Selain kompetisi, Esports Kapolri Cup 2026 dimanfaatkan sebagai ruang edukasi literasi keuangan melalui kolaborasi PT Indo Premier Sekuritas (IPOT), Polri, dan Asosiasi Esports Indonesia (IESPA).
Presiden Direktur dan CEO PT Indo Premier Sekuritas Moleonoto The mengatakan generasi muda yang aktif di ruang digital tidak hanya membutuhkan kemampuan kompetitif, tetapi juga pemahaman mengenai pengelolaan keuangan.
“Generasi Z dan Gen Alpha adalah penggerak utama ekonomi digital Indonesia masa depan. Ruang digital dan dunia esports tidak hanya membutuhkan pengasahan kecakapan kompetitif, tetapi juga fondasi ketahanan finansial yang kokoh,” kata Moleonoto.
Menurut dia, edukasi finansial perlu diberikan seiring semakin dekatnya teknologi dengan kehidupan sehari-hari generasi muda, termasuk dalam aktivitas investasi.
Edukasi tersebut dikemas melalui sejumlah kegiatan yang dekat dengan karakter gamer, salah satunya sesi “Smart Play, Smart Invest with AI IPOT” yang dilengkapi kuis dan aktivitas interaktif.
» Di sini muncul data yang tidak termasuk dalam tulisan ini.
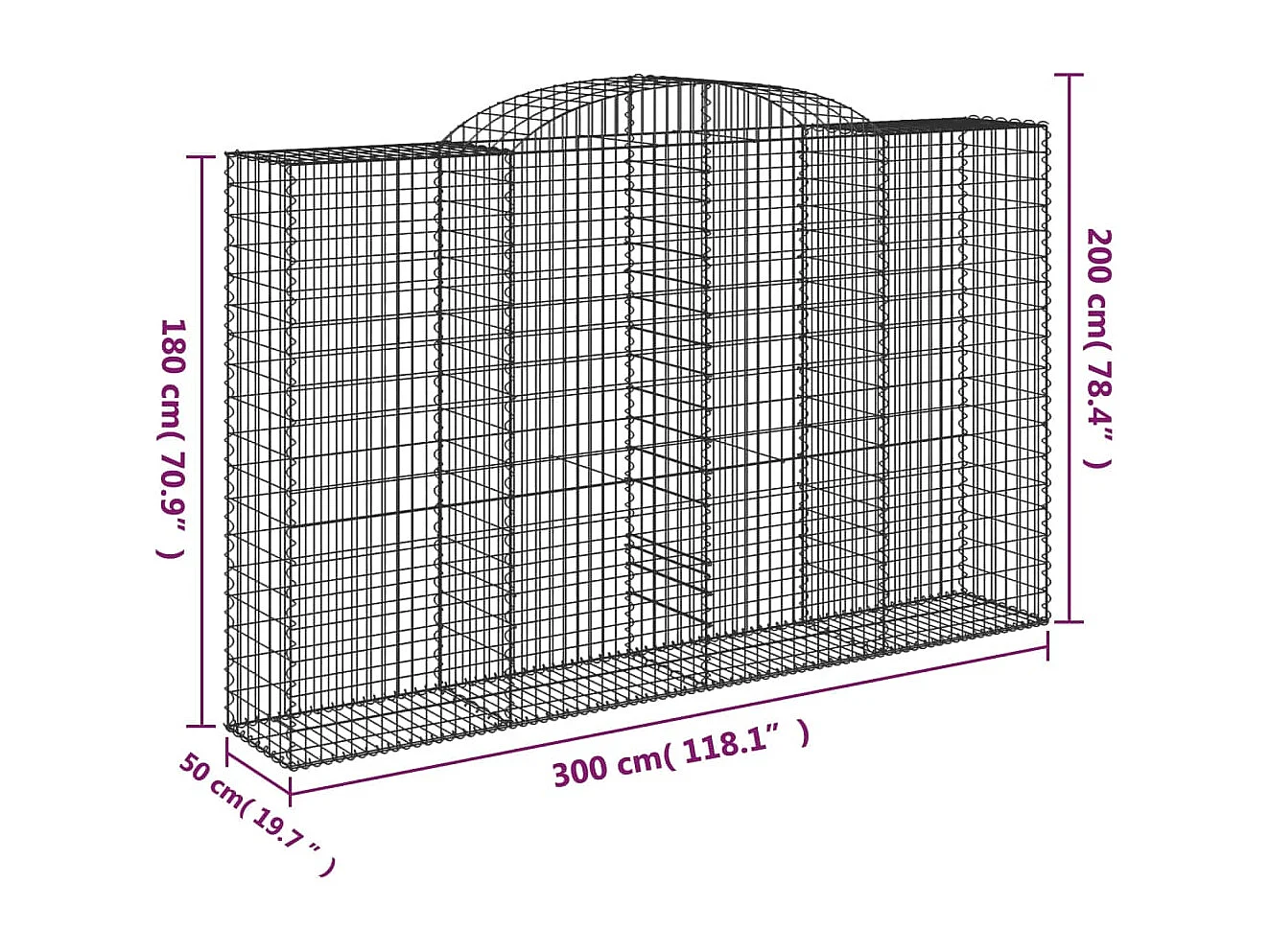 Paniers à gabions arqués 8 pcs 300x50x180-200 fer galvanisé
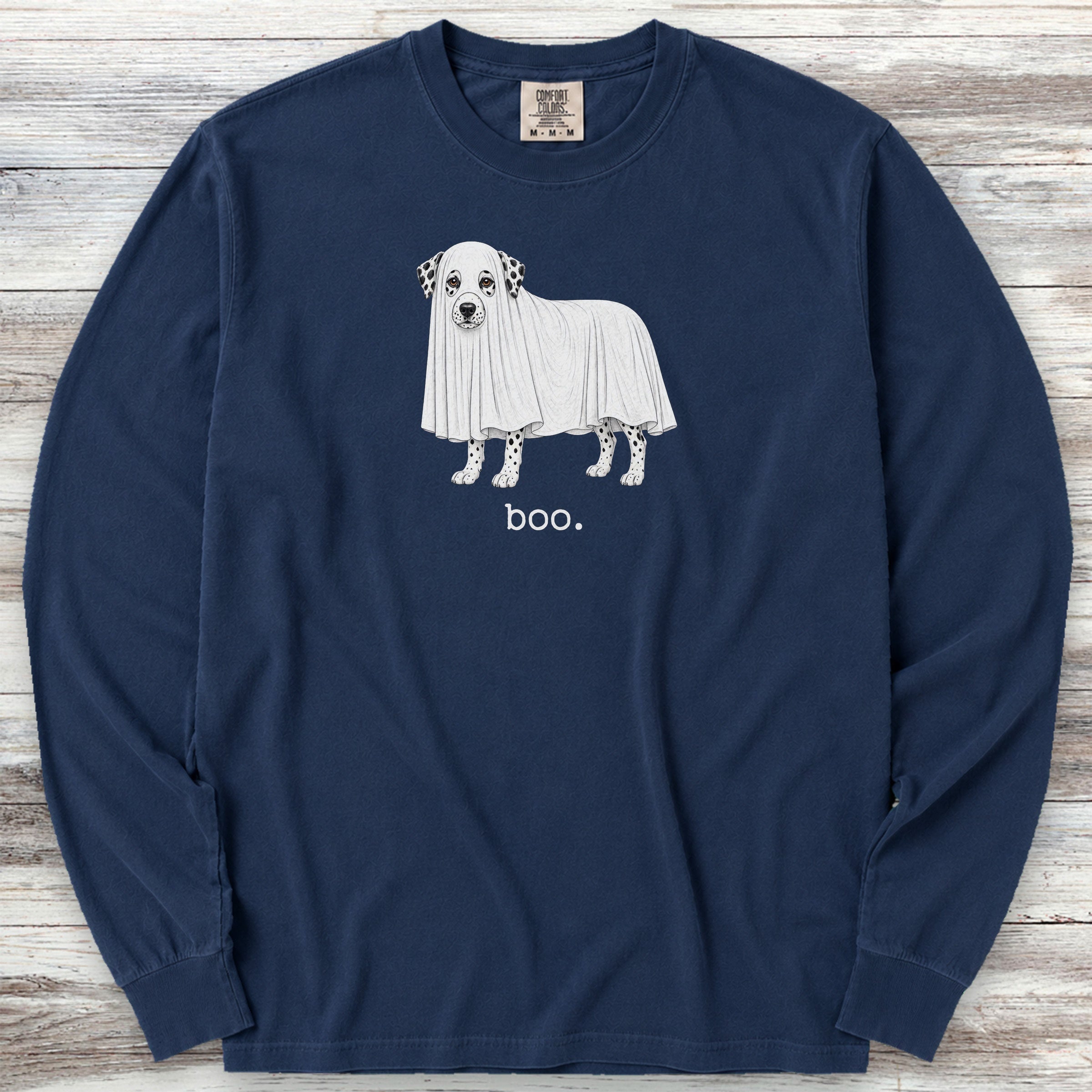 Dalmatian Boo Long Sleeve Tee - True Navy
Equity Analyst PT Indo Premier Sekuritas Brigita Kinari mengatakan sejumlah prinsip dalam permainan gim dapat dikaitkan dengan strategi pengelolaan keuangan dan investasi.
Kemampuan membaca situasi, menyusun strategi, memahami risiko, dan mengambil keputusan secara disiplin dalam permainan dinilai memiliki relevansi dengan pengelolaan investasi.
“Filosofi permainan ini ternyata relevan dengan strategi membangun kekayaan di dunia nyata melalui investasi,” kata Brigita.
Edukasi juga menekankan pentingnya menghindari keputusan investasi yang didorong FOMO atau sekadar mengikuti tren.